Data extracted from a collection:
=-=-=-=-=
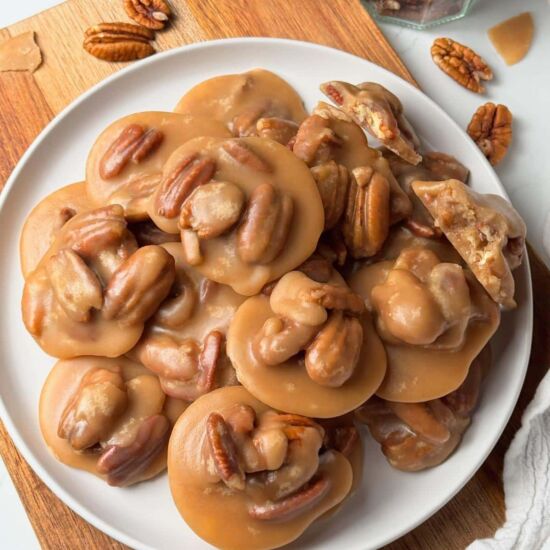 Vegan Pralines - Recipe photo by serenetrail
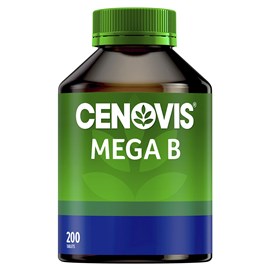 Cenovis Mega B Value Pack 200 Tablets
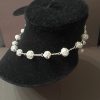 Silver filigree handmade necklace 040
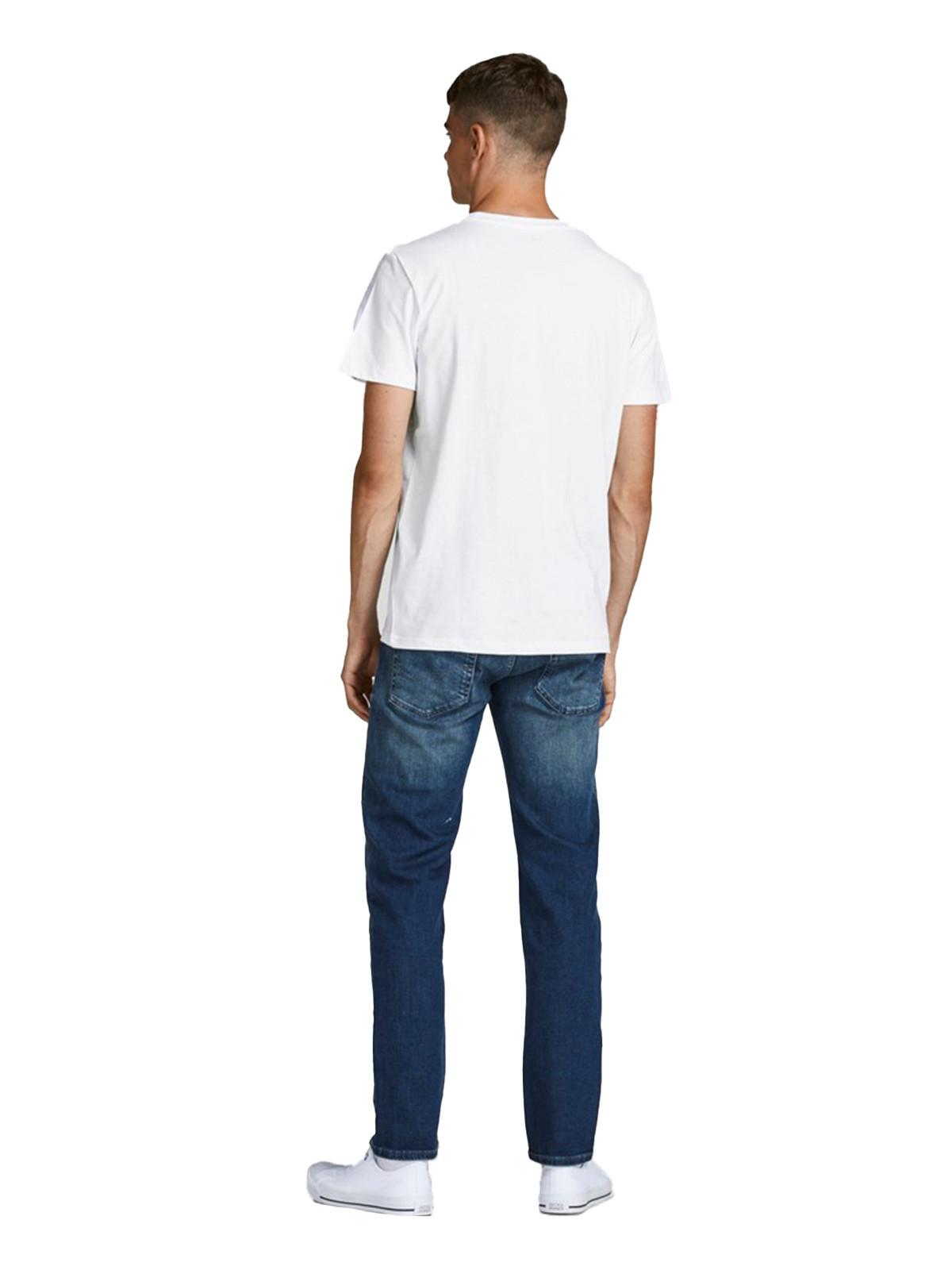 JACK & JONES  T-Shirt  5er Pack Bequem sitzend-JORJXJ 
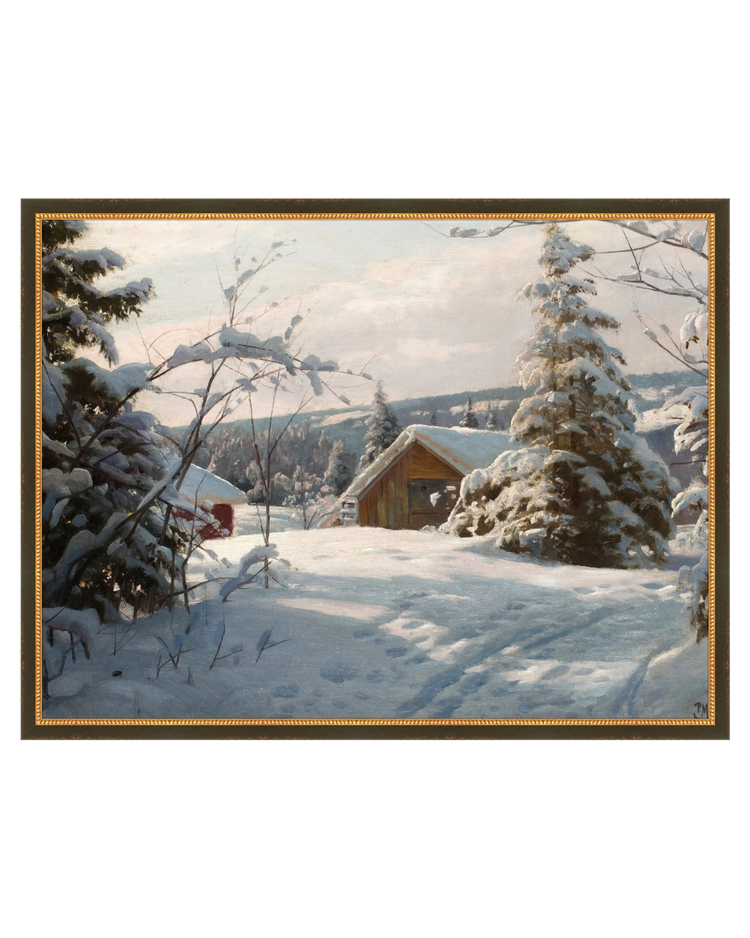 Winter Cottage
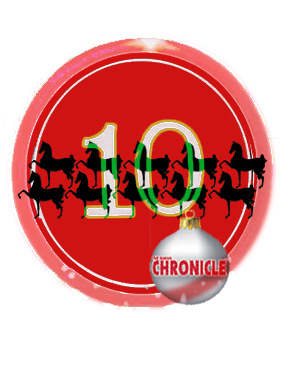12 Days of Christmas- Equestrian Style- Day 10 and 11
=-=-=-=-=
Work task: Your reply is the full set of entries reproduced exactly, with images omitted.

Your response:
 Vegan Pralines - Recipe photo by serenetrail
 Cenovis Mega B Value Pack 200 Tablets
 Silver filigree handmade necklace 040
 JACK & JONES  T-Shirt  5er Pack Bequem sitzend-JORJXJ 
 Winter Cottage
12 Days of Christmas- Equestrian Style- Day 10 and 11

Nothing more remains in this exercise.